*TASK ITEM*
Write out the stretch of lines below that begins at the line with "Kayak Storage Rack, Heavy" and ends at the line with "Sen. Lindsey Graham", including both, exactly as given and nothing more.

*MATERIAL PROVIDED*
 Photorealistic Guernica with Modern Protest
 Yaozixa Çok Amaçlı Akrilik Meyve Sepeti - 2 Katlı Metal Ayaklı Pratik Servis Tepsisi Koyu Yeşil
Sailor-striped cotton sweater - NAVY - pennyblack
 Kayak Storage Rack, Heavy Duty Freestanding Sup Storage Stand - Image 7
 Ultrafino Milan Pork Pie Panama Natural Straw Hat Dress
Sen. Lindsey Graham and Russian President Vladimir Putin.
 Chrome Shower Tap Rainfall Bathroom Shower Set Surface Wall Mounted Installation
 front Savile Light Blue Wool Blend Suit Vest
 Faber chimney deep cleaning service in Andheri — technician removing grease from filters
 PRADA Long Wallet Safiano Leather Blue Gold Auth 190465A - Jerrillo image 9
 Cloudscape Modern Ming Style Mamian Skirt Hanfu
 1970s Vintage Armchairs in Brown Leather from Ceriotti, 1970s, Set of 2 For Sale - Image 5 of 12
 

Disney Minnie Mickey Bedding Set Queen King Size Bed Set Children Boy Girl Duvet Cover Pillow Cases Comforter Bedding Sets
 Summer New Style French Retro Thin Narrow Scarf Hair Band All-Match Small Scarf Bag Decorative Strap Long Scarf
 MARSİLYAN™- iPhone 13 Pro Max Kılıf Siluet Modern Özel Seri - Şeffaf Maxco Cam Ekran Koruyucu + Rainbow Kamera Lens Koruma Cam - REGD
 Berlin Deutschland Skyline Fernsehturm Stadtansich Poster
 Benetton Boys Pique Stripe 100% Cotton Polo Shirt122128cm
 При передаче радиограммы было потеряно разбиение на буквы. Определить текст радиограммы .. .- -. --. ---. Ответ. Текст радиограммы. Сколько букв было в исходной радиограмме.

*FINISHED TASK*
 Kayak Storage Rack, Heavy Duty Freestanding Sup Storage Stand - Image 7
 Ultrafino Milan Pork Pie Panama Natural Straw Hat Dress
Sen. Lindsey Graham and Russian President Vladimir Putin.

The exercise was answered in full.